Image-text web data
== Segment start ==
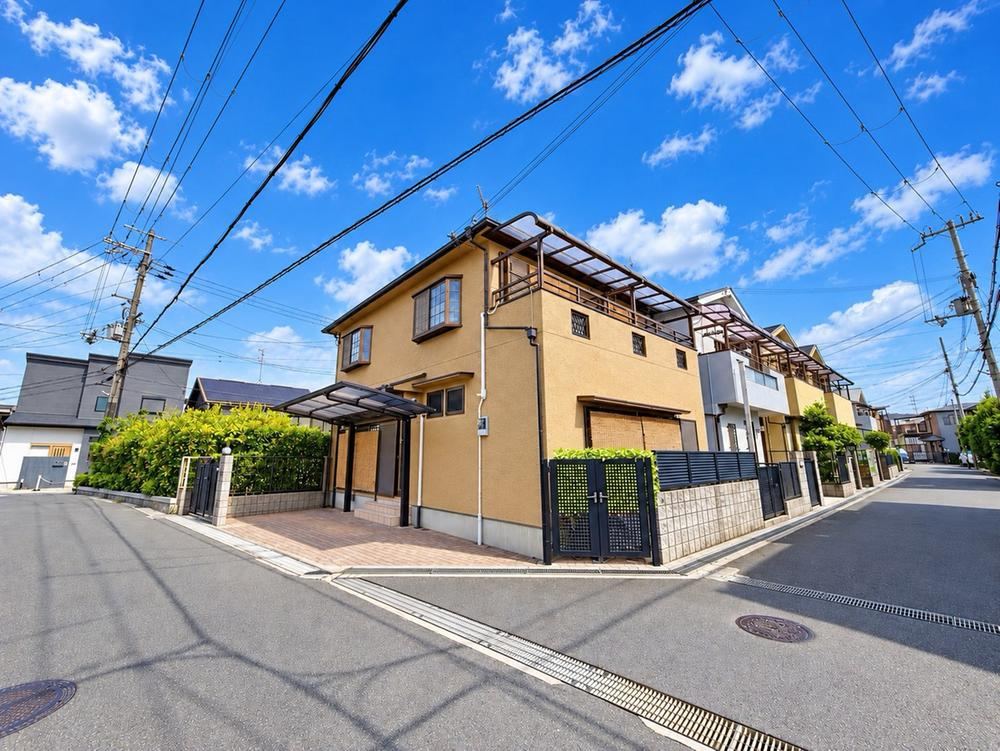 4LDK house in Hirakata, Osaka - Photo 1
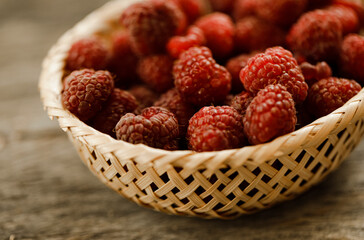 a bowl of currants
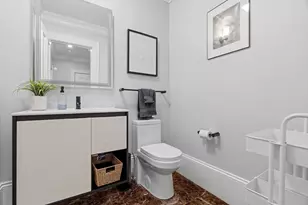 41-43 Phillips St, Boston, MA 02114 - Photo 25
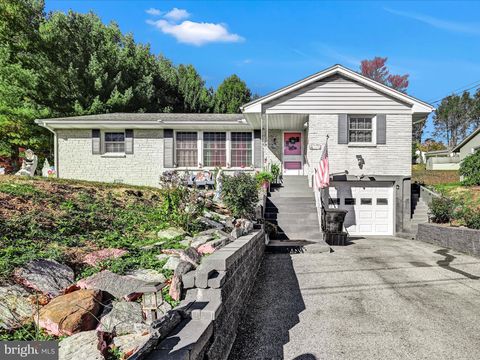 Photo of 134 Rapho Street, Manheim, PA 17545 (MLS # PALA2059826)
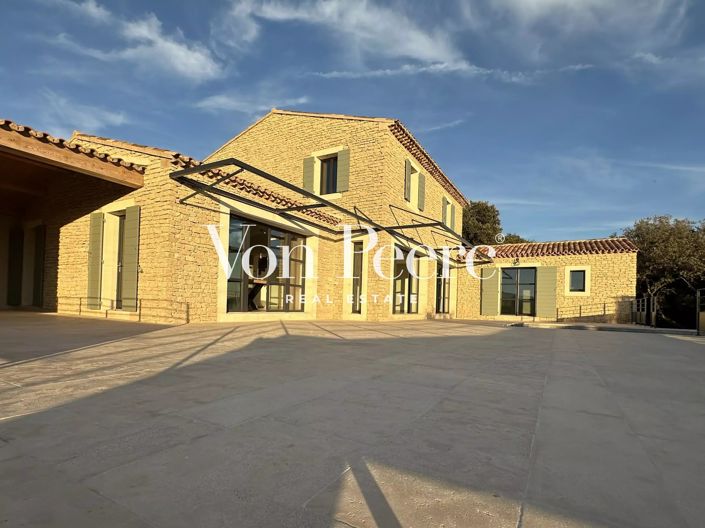 Image No.42-4 Bed House for sale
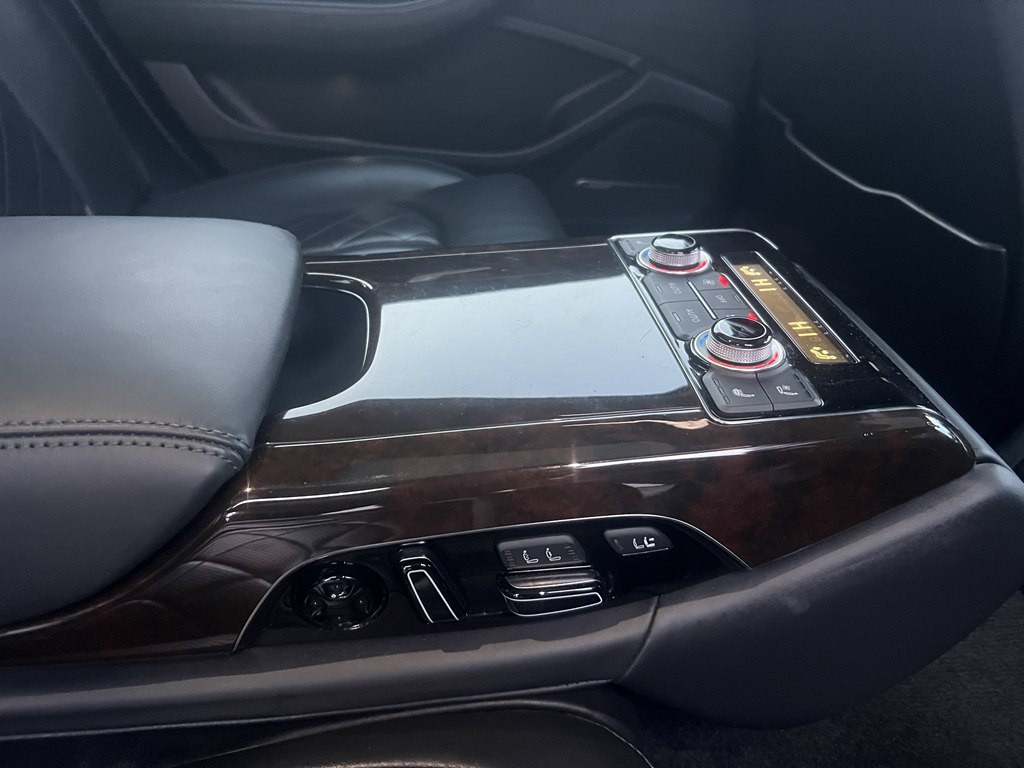 2015 Audi A8 Image 27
== Segment end ==
• [THE TASK]
Each line from the one with "a bowl of currants" through the end of the entries should be reproduced exactly. Leave out the pictures.

• [ANSWER SECTION]
 a bowl of currants
 41-43 Phillips St, Boston, MA 02114 - Photo 25
 Photo of 134 Rapho Street, Manheim, PA 17545 (MLS # PALA2059826)
 Image No.42-4 Bed House for sale
 2015 Audi A8 Image 27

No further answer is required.